A simple way of understanding postmodernism is to view it as a compound word, as “post” “modernism”. At the same time, it is both a sharp rejection of modernism and also an intellectual extension of the same ideology. As a rejection of modernism, it challenges the Enlightenment assumptions of pure reason and the objective, universal, and knowable characteristics of truth. As an extension of modernism, this critique continues to emphasize the self as the ultimate arbiter of truth, though through subjective rather than objective criteria. Being that postmodernism is, at the same time, both a rejection and an extension of different aspects of modernism has lead to a great amount of confusion about it. But the one constant seen in both rejection and extension is the focus on truth, knowledge, and man’s ability to acquire it. Man’s ability, or lack thereof, to know objective truth divides modernism and postmodernism, and to this distinction we must turn.

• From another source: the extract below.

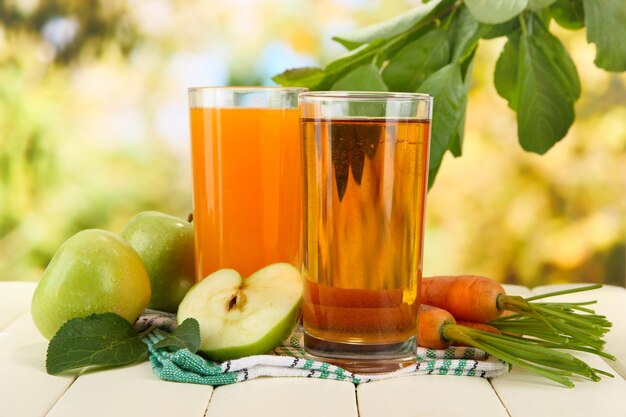 Verres de jus de pommes et de carottes sur une table en bois blanche sur fond vert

Rene Descartes famously declared “I think, therefore I am.” In making this declaration, Descartes provided a summary statement for the Enlightenment project, affirming both the centrality of the self and the importance of cognitive ability. For Enlightenment thinkers, it was a trust in one’s own abilities and sensory perceptions that served as the foundation upon which knowledge could be constructed. At the same time as the philosophical Enlightenment occurred, so too did the scientific revolution, understanding truth as determined by experimentation, logic, and reason. Based upon this, it could be said that modernist thinkers developed a foundational understanding of knowledge. For them it was necessary to start from the beginning, affirming what could be proven true, building upon the foundations already proven true. This foundational approach towards knowledge is at the heart of modernism, and in testing all truth statements against an already proven foundation of knowledge, modernist thinkers affirmed man’s ability to know objective truth.

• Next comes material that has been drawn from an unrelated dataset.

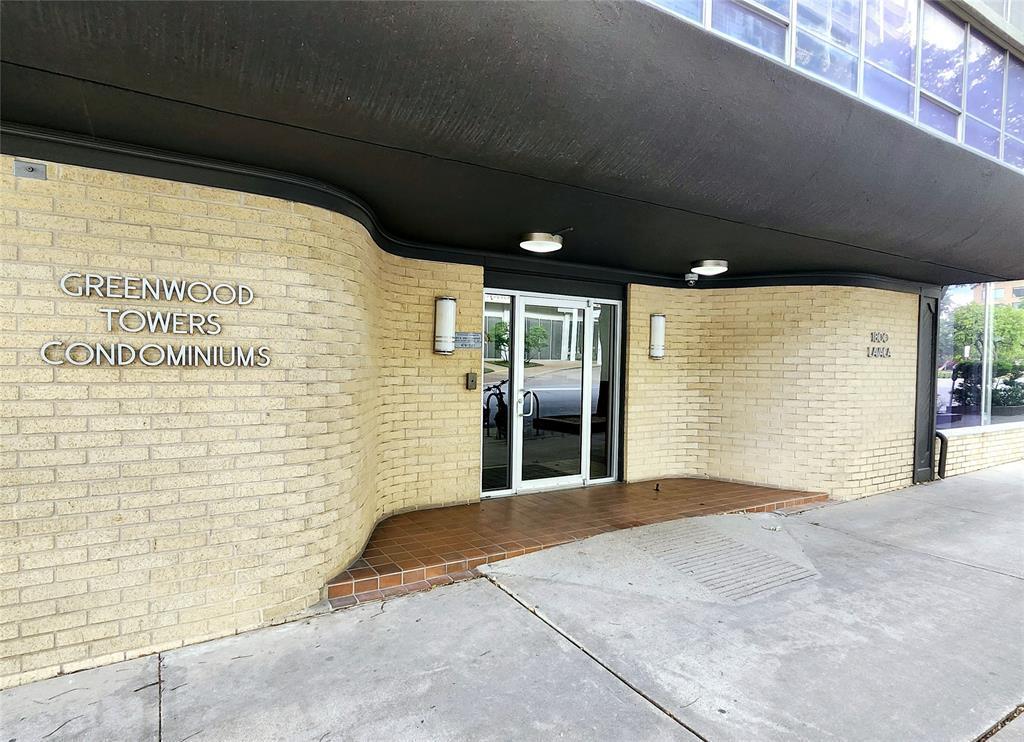 Entrance to property featuring brick siding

Postmodernism stands in sharp opposition to the modern attitude towards objective truth. For postmodern thinkers, the idea that man can possess objective truth is problematic, citing that man is not objective, but always subjective and always limited, incapable of ever reaching a purely objective and universal place from which to know what is true. Accordingly, it is impossible to possess a foundation of truth that can be used to test all other truth claims, since one can never objectively know that the foundation is correct. As a result of this lack of faith in man, postmodernists advocate a “nonfoundational” understanding of truth, viewing truth as a collection of beliefs that exist in a constant state of tension. The web, containing many beliefs, has no identifiable foundation and collectively works as a test, checking ideas both inside and outside of itself for their validity. There is then, no statement or belief that only tests other claims, rather all beliefs are held accountable to each other, and none are considered unquestionable. Postmodernism does not affirm man’s ability to know truth objectively because of this nonfoundational understanding of knowledge and truth.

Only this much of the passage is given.